▶ **EXERCISE GOAL**
Give the lines below again, exactly as they stand, and leave out the images.

▶ **DATA SUPPLIED**
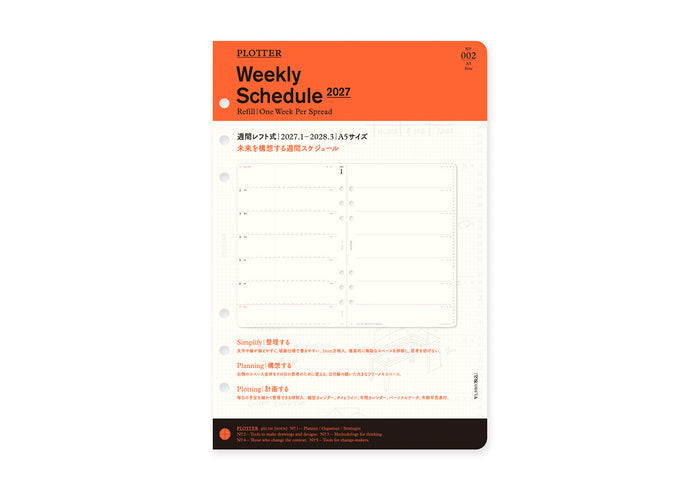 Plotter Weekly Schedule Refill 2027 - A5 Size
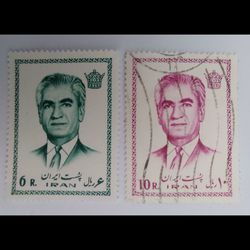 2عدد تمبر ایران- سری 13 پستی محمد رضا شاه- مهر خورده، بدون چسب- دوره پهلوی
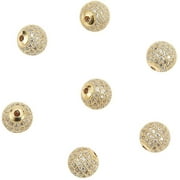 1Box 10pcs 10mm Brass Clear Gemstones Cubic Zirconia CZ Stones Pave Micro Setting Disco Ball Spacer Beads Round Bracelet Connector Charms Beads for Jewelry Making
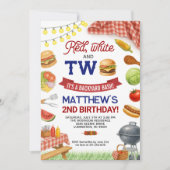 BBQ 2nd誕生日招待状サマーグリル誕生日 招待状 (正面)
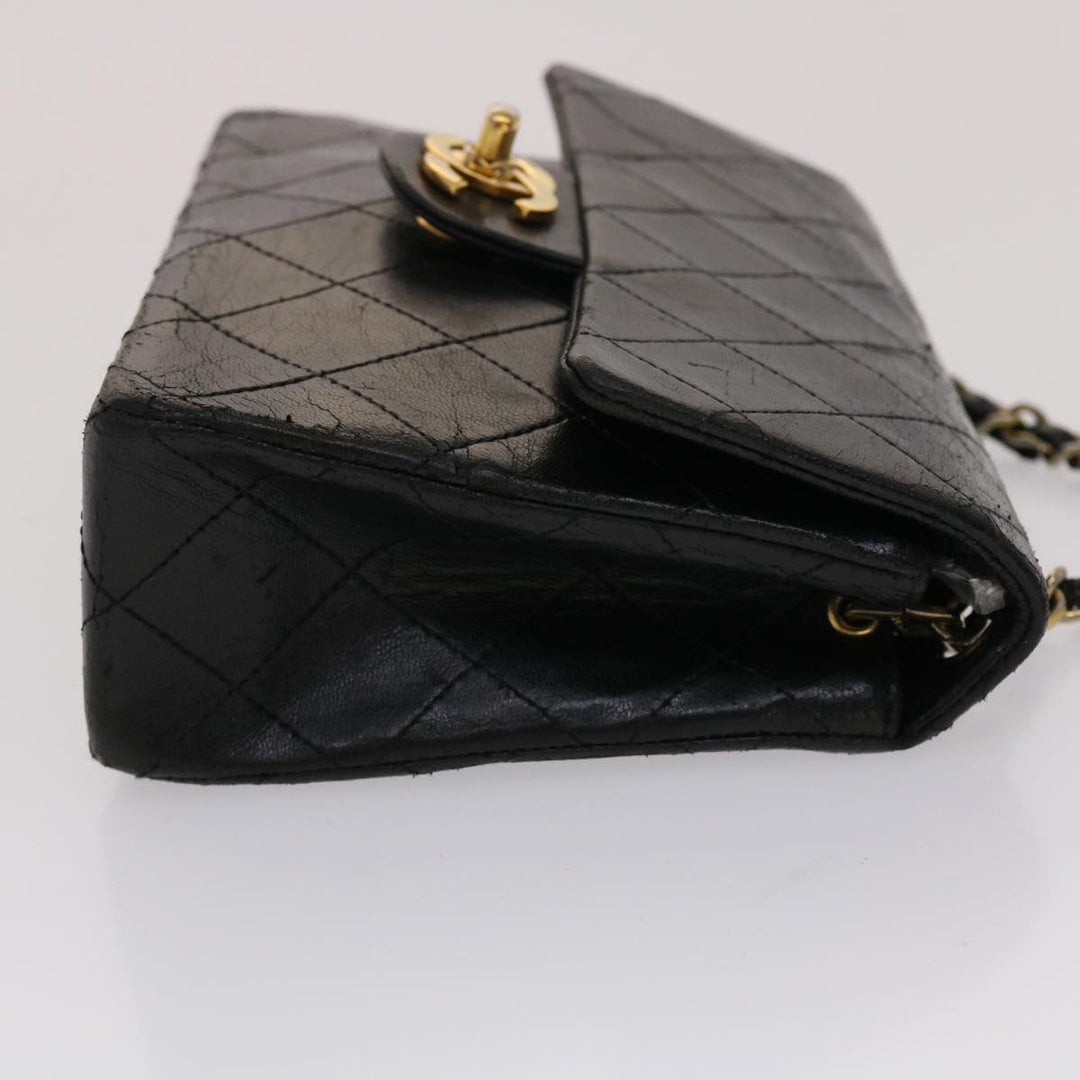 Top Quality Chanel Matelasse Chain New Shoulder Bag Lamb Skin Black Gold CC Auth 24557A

▶ **REPLY TO THE TASK**
 Plotter Weekly Schedule Refill 2027 - A5 Size
 2عدد تمبر ایران- سری 13 پستی محمد رضا شاه- مهر خورده، بدون چسب- دوره پهلوی
 1Box 10pcs 10mm Brass Clear Gemstones Cubic Zirconia CZ Stones Pave Micro Setting Disco Ball Spacer Beads Round Bracelet Connector Charms Beads for Jewelry Making
 BBQ 2nd誕生日招待状サマーグリル誕生日 招待状 (正面)
 Top Quality Chanel Matelasse Chain New Shoulder Bag Lamb Skin Black Gold CC Auth 24557A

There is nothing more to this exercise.